EditServing the Carrots
- Serve them hot. Your carrots will taste better if you eat them as soon as they are done cooking.
- If you are not planning on eating your carrots immediately, try blanching them – just boiling them quickly for two to three minutes – and then quickly cooling them in ice. After you dry them off, you can store them in the freezer in freezer bags. This quick boiling will improve the texture when you thaw them.
- Cut the carrots into smaller pieces. If you have boiled your carrots whole or in large chunks, you might want to chop them, dice them, or julienne them for serving.
- You can cut your carrots baton-style into sticks of any length you want.
- Dice your carrots by cutting your batons into small cubes. Make sure all the pieces are equal sizes.
- To do a julienne cut, take a whole carrot and cut a thin slice off one side to make a flat surface. This will keep the carrot steady. Put the carrot flat-side down and then cut it length-wise into very thin slices, no more than 1/8th of an inch thick.

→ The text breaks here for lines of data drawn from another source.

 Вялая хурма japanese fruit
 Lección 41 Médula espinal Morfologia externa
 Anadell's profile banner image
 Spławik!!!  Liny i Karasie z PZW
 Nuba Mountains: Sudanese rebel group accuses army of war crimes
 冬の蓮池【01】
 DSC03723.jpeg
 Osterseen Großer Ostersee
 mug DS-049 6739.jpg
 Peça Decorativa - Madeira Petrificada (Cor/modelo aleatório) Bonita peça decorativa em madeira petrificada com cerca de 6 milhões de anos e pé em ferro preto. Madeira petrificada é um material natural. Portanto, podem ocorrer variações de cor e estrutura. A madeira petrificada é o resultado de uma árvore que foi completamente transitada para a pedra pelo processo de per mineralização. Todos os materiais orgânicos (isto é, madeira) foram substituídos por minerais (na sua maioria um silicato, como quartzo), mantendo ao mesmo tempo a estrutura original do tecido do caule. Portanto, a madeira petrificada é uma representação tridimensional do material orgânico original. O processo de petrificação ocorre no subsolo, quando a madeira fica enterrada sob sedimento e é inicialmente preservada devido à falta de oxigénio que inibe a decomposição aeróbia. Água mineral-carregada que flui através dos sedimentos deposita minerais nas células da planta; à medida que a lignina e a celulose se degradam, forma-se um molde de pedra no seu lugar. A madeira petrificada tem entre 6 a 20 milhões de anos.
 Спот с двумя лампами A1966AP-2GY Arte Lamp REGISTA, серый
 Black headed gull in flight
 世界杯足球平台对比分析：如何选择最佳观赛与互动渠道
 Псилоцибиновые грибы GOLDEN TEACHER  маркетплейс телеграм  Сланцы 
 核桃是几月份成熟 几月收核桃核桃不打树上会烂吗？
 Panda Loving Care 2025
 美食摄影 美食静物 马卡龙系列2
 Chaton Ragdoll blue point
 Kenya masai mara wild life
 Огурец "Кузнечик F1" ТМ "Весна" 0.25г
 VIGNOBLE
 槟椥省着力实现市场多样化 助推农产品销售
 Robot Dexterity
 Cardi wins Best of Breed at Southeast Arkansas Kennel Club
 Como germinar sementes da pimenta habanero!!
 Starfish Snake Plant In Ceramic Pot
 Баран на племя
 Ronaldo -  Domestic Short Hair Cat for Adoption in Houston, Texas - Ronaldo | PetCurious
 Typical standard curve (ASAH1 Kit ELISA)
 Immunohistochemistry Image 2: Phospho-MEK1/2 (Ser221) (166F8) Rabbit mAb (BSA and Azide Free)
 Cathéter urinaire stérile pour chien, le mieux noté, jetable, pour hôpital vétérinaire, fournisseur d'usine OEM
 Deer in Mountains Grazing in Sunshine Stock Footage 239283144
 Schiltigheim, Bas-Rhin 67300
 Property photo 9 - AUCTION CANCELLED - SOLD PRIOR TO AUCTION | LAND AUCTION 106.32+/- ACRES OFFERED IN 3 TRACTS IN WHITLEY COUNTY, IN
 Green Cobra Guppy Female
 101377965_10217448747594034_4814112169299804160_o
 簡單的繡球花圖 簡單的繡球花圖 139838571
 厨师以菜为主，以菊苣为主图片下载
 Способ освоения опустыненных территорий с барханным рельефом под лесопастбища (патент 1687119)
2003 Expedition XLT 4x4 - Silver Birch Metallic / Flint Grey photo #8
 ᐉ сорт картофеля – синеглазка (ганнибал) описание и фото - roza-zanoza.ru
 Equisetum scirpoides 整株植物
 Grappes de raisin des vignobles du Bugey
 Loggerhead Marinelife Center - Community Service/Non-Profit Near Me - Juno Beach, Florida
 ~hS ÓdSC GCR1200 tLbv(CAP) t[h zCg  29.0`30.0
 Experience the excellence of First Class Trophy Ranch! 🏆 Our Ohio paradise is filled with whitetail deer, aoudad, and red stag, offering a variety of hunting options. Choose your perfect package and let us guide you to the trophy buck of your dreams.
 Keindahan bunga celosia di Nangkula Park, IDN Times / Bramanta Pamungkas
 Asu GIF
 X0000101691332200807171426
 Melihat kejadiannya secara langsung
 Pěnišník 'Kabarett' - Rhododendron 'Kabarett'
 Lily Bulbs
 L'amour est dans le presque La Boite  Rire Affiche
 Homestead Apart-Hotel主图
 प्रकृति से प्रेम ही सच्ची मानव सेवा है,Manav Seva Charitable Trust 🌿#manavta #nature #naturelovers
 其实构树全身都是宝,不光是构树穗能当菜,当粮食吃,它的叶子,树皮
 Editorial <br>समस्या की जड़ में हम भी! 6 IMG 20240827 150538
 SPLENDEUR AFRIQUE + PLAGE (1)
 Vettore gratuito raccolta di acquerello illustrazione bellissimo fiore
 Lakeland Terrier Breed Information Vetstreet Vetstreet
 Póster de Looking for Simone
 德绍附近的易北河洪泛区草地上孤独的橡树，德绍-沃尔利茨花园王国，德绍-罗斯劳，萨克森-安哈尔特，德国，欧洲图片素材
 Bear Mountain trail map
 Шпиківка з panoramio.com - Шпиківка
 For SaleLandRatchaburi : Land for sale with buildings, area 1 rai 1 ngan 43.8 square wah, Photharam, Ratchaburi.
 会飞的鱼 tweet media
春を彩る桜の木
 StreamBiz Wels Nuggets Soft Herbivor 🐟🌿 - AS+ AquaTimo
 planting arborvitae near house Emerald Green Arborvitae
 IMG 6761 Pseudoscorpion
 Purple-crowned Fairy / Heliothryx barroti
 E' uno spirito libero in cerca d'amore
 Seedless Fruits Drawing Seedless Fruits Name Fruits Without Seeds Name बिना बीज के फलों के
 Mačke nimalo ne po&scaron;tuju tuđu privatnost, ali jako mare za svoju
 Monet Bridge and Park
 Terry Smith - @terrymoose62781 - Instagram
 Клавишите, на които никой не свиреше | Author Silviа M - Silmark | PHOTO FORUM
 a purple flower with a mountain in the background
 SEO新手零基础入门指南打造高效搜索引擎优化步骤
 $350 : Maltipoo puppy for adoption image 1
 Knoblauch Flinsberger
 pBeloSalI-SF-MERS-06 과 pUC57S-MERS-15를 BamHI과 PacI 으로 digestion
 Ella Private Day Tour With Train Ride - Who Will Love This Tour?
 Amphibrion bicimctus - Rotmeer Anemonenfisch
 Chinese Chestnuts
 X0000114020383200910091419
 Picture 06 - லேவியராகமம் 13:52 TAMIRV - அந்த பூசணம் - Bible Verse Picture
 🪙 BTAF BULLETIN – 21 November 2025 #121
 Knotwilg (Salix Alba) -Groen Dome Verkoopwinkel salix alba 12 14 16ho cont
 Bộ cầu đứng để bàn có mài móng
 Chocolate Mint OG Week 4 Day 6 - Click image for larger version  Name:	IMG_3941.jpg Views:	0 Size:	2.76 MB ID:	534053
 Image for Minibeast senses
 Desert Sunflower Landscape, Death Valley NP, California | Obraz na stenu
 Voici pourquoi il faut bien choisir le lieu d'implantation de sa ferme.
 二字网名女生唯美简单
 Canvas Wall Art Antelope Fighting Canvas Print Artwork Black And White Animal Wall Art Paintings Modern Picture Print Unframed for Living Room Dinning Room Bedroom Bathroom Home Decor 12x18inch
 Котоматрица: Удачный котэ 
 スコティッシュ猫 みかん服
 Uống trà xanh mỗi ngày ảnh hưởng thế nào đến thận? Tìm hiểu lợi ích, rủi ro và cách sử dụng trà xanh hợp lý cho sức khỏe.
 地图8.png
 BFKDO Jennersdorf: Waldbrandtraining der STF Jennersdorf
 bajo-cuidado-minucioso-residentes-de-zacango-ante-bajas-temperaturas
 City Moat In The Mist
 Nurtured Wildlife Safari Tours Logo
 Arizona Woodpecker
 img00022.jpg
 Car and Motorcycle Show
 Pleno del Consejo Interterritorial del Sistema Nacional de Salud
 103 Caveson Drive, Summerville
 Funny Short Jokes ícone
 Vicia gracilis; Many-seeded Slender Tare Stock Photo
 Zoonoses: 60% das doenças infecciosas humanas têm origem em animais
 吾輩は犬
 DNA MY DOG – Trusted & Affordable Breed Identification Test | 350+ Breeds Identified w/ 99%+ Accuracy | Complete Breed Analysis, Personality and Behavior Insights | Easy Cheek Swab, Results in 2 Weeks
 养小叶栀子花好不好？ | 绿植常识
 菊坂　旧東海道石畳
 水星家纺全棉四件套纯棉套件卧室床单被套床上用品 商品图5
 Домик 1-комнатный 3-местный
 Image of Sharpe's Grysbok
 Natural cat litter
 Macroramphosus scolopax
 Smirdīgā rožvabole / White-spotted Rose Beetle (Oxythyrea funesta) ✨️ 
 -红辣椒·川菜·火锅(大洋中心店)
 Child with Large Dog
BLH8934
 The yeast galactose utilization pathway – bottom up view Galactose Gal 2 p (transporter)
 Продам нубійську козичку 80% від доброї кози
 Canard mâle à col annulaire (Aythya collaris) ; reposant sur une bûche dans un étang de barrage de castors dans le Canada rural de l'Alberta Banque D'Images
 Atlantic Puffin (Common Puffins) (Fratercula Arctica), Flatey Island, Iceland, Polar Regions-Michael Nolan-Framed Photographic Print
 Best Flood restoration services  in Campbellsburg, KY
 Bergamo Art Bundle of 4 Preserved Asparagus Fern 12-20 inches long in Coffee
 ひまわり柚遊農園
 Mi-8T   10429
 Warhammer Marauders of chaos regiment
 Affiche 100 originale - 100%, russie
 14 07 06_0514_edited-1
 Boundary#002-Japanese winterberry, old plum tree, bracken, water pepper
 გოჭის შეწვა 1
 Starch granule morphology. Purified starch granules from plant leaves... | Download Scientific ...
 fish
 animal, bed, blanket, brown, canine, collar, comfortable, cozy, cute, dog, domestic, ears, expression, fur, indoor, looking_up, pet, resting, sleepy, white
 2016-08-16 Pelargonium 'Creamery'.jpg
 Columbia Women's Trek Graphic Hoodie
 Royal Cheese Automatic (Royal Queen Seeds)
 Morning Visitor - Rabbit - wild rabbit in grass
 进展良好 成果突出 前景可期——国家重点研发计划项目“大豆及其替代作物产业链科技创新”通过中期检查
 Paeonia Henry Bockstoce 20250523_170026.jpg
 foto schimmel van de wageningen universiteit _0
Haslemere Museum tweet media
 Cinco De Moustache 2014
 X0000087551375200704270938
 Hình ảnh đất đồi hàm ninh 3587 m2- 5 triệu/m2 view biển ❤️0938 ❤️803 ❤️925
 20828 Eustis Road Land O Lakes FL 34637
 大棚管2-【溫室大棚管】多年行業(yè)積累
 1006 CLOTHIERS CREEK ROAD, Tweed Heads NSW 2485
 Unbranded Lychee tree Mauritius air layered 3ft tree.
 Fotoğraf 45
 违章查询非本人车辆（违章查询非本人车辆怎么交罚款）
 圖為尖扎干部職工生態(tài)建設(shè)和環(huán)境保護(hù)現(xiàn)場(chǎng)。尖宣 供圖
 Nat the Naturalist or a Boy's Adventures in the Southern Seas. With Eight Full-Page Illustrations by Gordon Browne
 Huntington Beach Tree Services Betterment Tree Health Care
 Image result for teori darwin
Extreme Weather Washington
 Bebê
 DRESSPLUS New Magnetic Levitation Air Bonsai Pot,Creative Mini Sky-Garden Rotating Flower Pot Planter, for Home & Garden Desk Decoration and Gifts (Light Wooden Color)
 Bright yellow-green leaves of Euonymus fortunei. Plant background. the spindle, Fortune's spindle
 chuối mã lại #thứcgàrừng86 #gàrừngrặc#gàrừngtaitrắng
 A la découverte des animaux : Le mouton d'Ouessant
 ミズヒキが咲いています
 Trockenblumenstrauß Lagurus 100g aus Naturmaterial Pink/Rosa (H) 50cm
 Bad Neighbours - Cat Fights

Pile all of your slices on top of each other and slice through them again to create thin pieces roughly the size of matchsticks.
- Season your carrots with herbs or spices. These add extra flavor to your dish. Salt, pepper, and garlic are all reliable seasonings for carrots and good standby options.
- Thyme and parsley both pair very well with carrots.
- Seasoning options are almost endless. Experiment with different flavors, such as tarragon.
- Flavor your carrots with some liquid fats or acids. This gives them another pop of flavor and prevents them from getting too dry. Drizzle the carrots with extra virgin olive oil or melt butter on them after they are cooked.
- Try drizzling your carrots with a bit of balsamic vinegar. The tartness of the vinegar brings out the sweetness of the carrots.
- Add a glaze. This is a flavorful, usually sweet, coating on food. It is a great way to give carrots more flavor, and can tempt even picky eaters into trying your dish.
- For a simple glaze, melt butter in a sauce pan and stir in sugar and a pinch of salt until they have dissolved. Put the cooked carrots into the mixture and cook them in it for about five minutes until they are covered in the glaze.
- Experiment with different ingredients in your glaze. Try replacing sugar with maple syrup, for instance. Add some herbs, ginger, or citrus zest to give the glaze an extra pop of flavor.
- Store your carrots until you are ready to cook them. If you buy your carrots but don’t want to boil them right away, put them in a plastic bag in the refrigerator, since they lose their crisp texture and sweet taste at room temperature.
- Cut the green tops off your carrots when you store them, because the greens draw moisture out of the root and spoil the texture.
- Make sure that the carrots are very soft and cut into very small pieces if you are preparing them for an infant or toddler. Harder carrots and bigger chunks are difficult for small children to chew and present a choking hazard. Pieces should be no bigger than 1/2 an inch in any direction. If you have any doubts, cut them even smaller.